Exercise goal
Transcribe, word for word, every line from the one containing "Grappige katselfie met" through the final line of the records, and omit the pictures.

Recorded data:
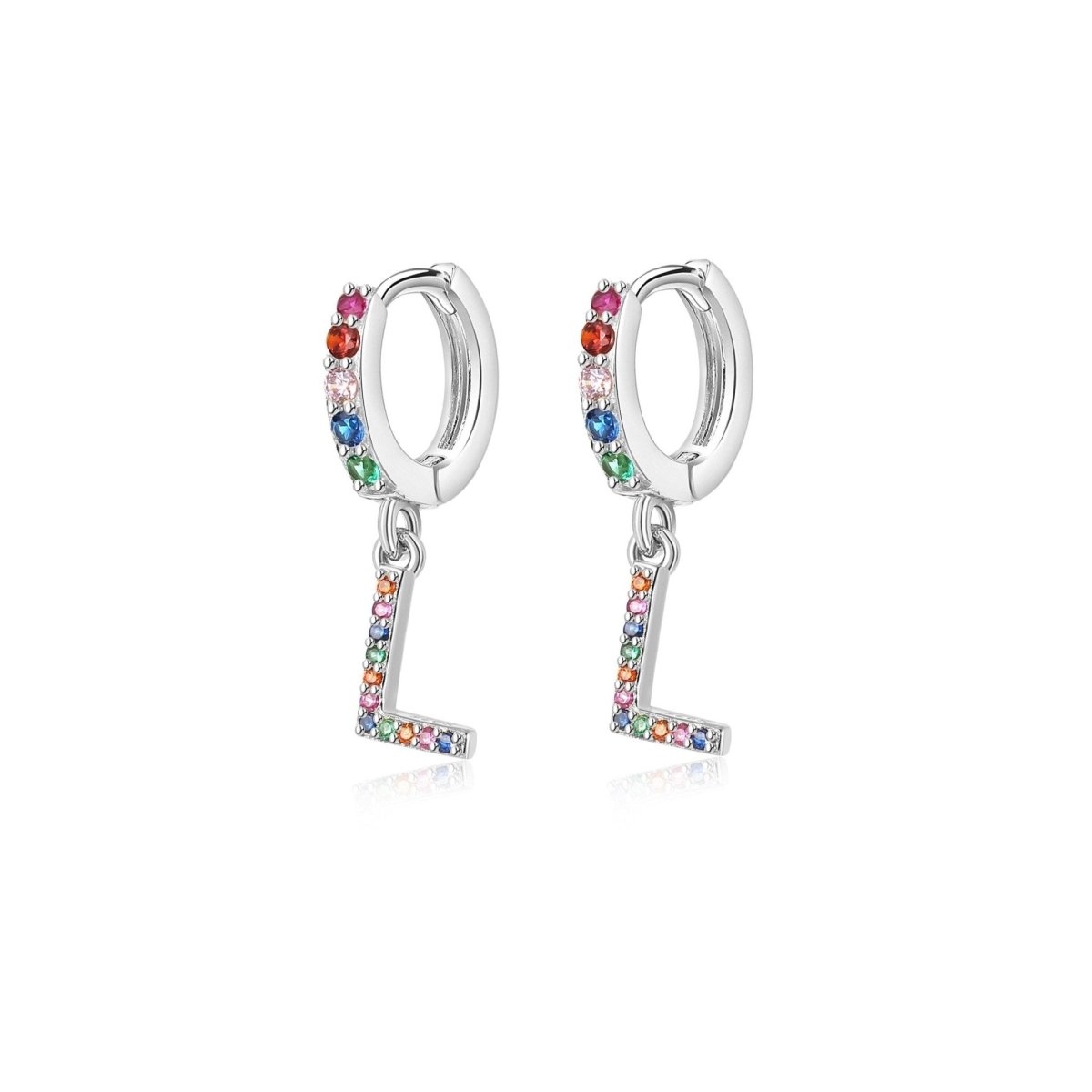 Pendientes Inicial Rainbow - Hoops - LePetiteMarie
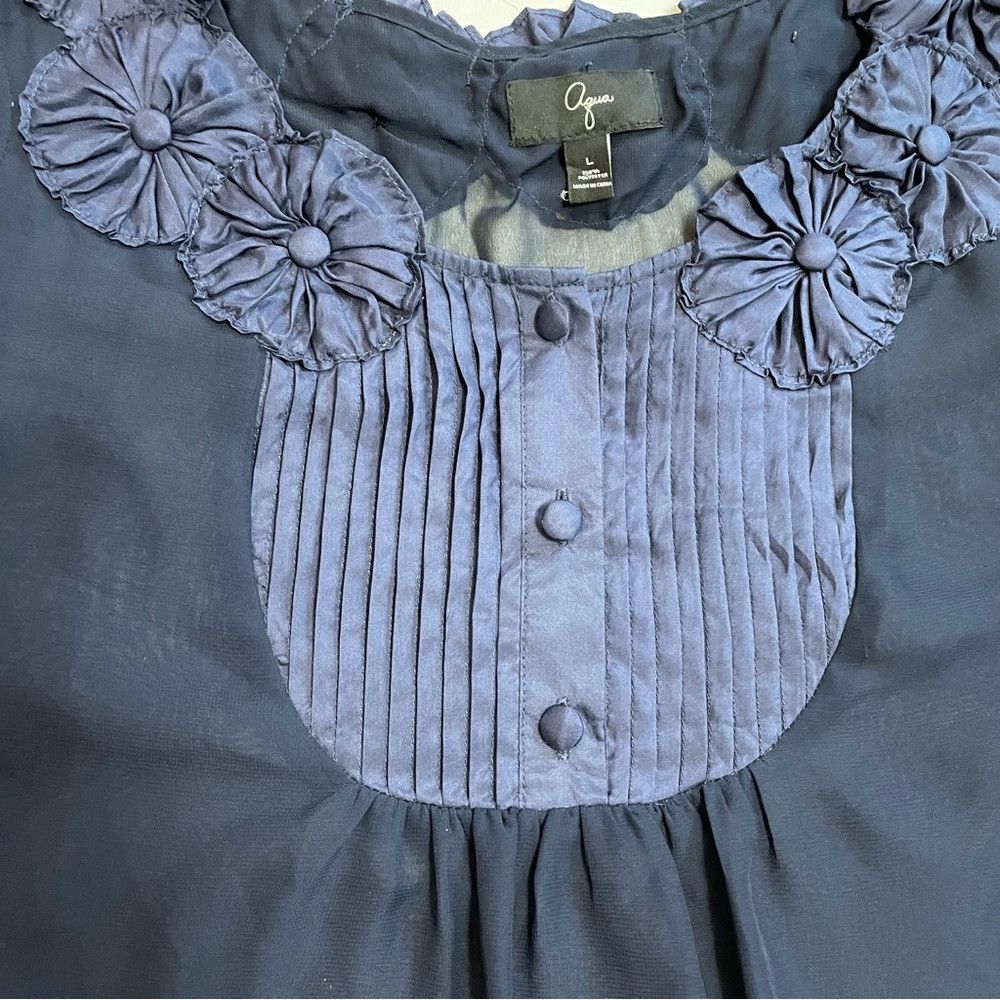 Other Aqua Navy Sheer Short Sleeve Blouse Size L Size L / US 10 / IT 46 - 9 Thumbnail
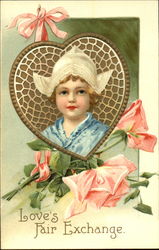 Girl face with dutch hat, pink flowers & ribbons Postcard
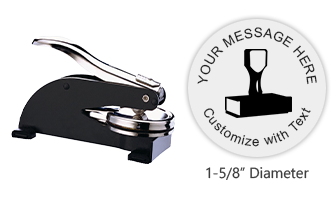 This Shiny Desk Seal has an impression size of 1-5/8" and features 5 lines of customizable text. Orders over $60 ship free!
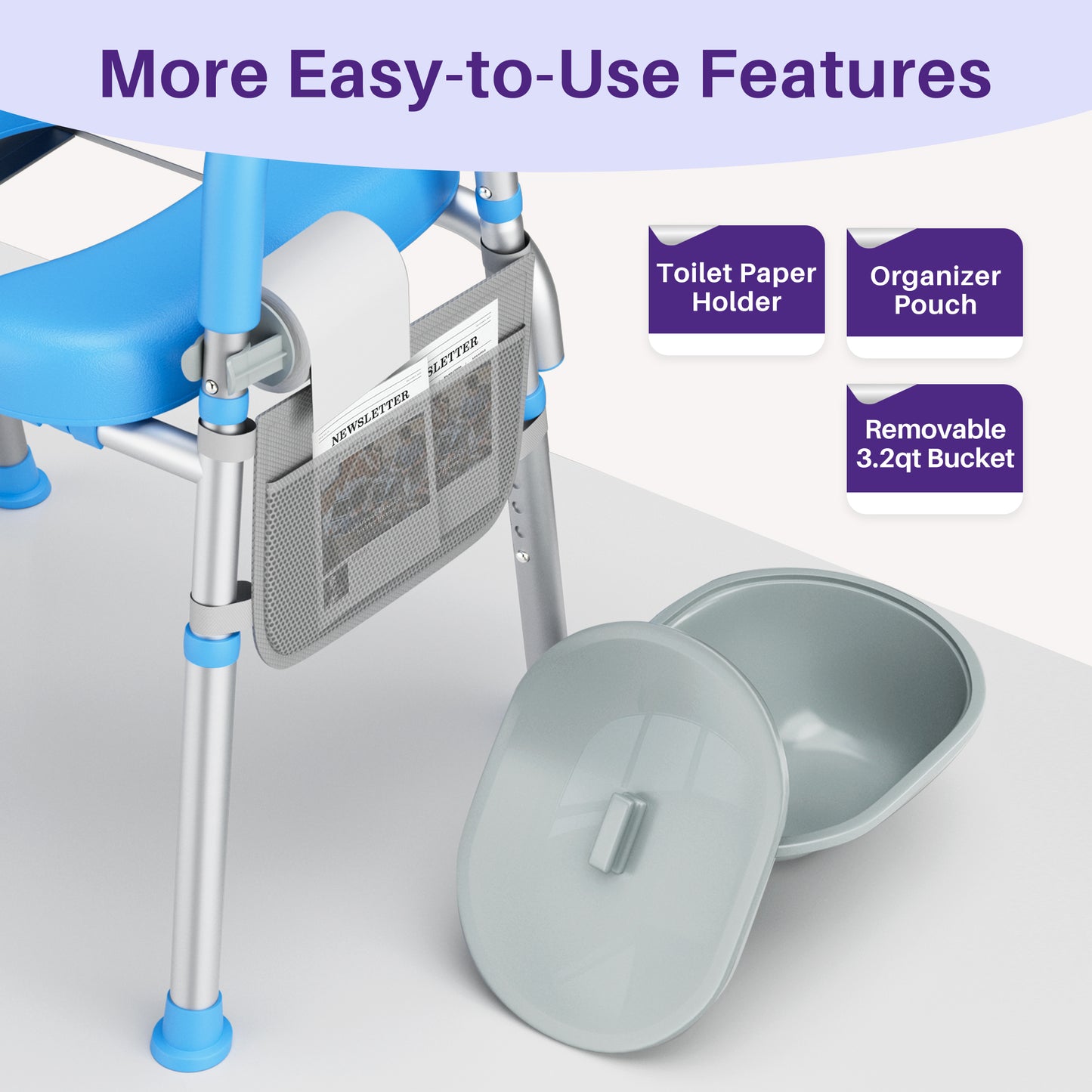 Kekoy Durable Bedside Commode Chair and Toilet Chair for Adults & Seniors, 400 lb Capacity, Removable Pail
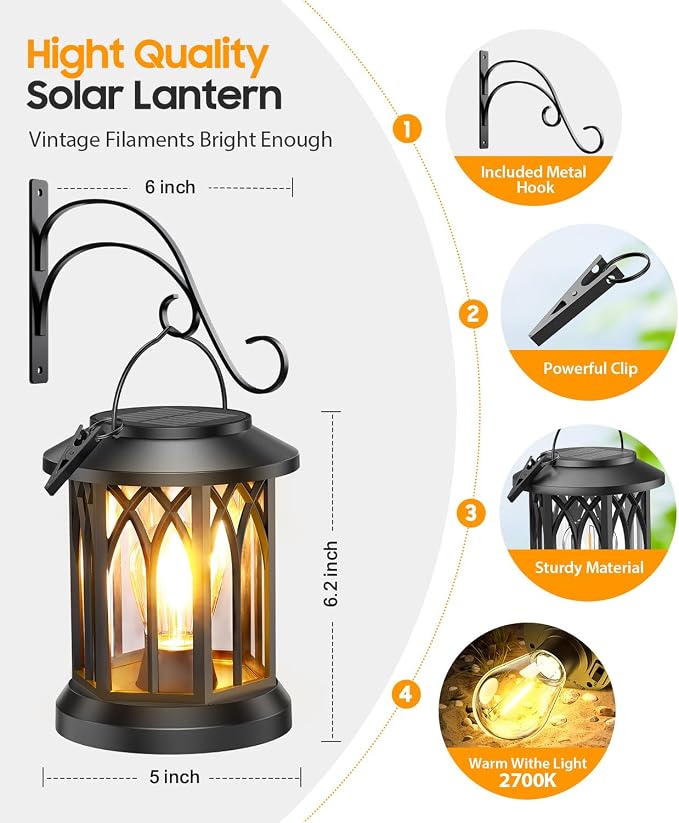 Solar Lanterns Outdoor Waterproof, Upgraded Hanging Solar Lights | Bright LED Lighting, Metal Wall Mount Kit, IP65 Waterproof, Over 12Hrs Glow for Fence, Yard, Patio, Garden Decor, Warm White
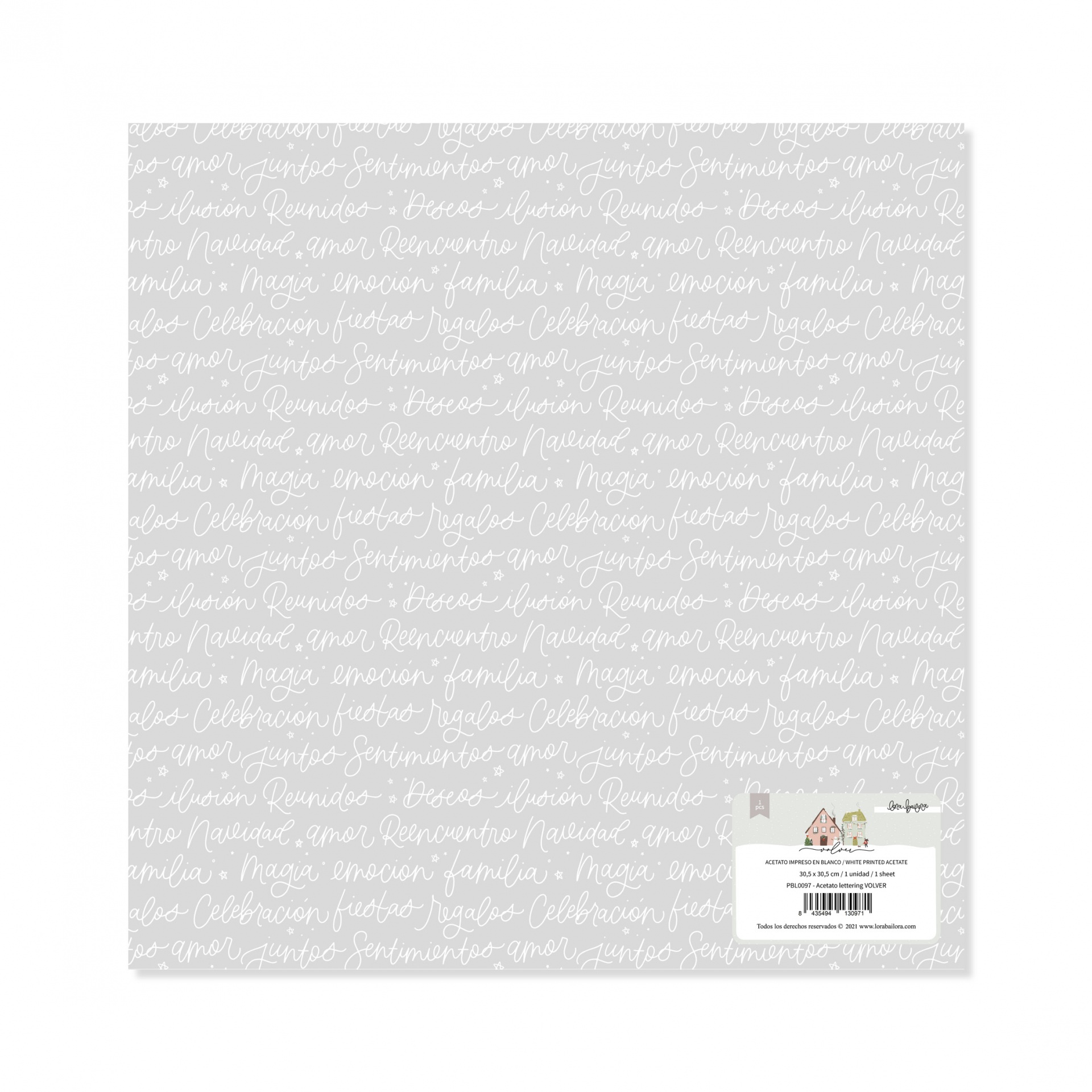 Folha decorativa cinza com palavras manuscritas em branco e embalagem com código de barras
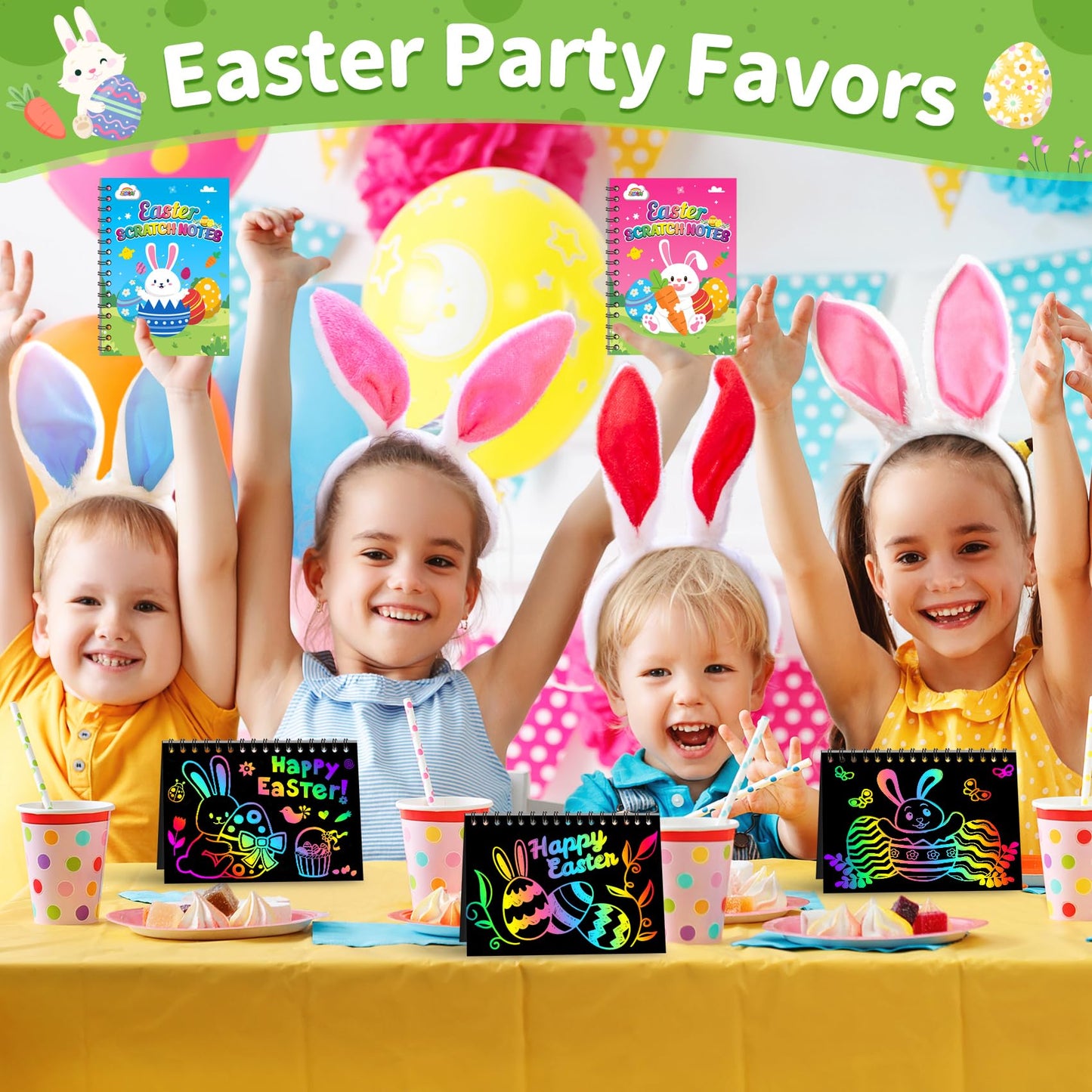 ZMLM Easter Classroom Gifts For Students: 24 Pack Scratch Rainbow Art Notebook Paper, Party Favors For Kids 4-8, Birthday Goodie Bags Stuffers, Student Prizes From Teacher, Kindergarten Toy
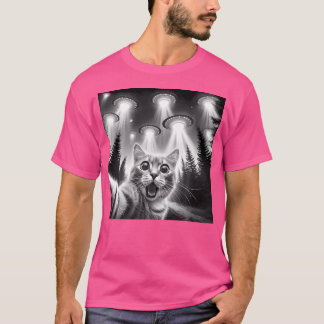 Grappige katselfie met buitenaardse UFO-kattenlief T-shirt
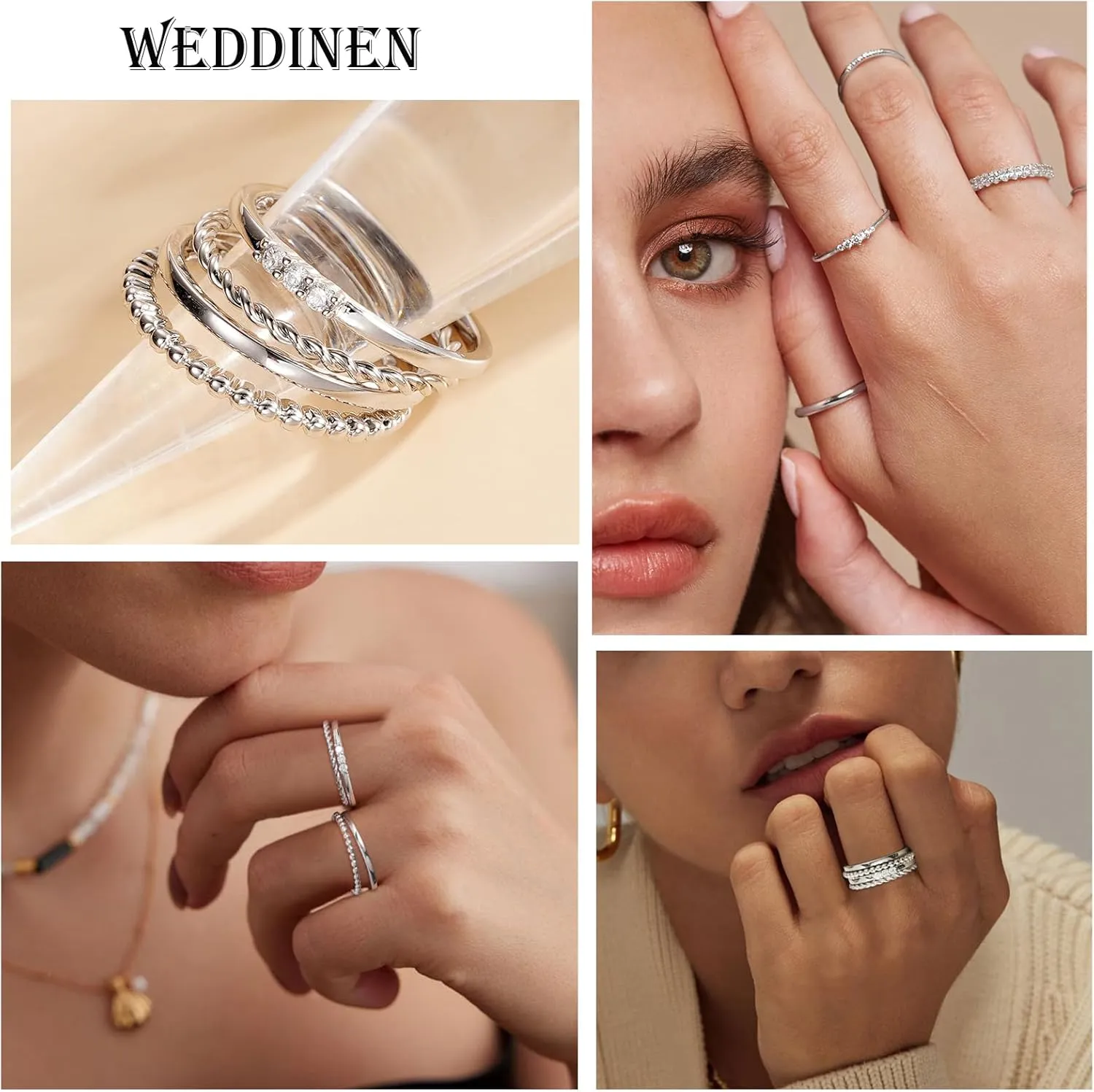 WEDDINEN 4PC Gold Rings for Women, S925 Sterling Silver 14k Gold Filled Plated Stackable Thin Thumb Ring Set Cubic Zirconia Dainty Stack Gold Knuckle Rings Set Size 6-10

Exercise solution
 Grappige katselfie met buitenaardse UFO-kattenlief T-shirt
 WEDDINEN 4PC Gold Rings for Women, S925 Sterling Silver 14k Gold Filled Plated Stackable Thin Thumb Ring Set Cubic Zirconia Dainty Stack Gold Knuckle Rings Set Size 6-10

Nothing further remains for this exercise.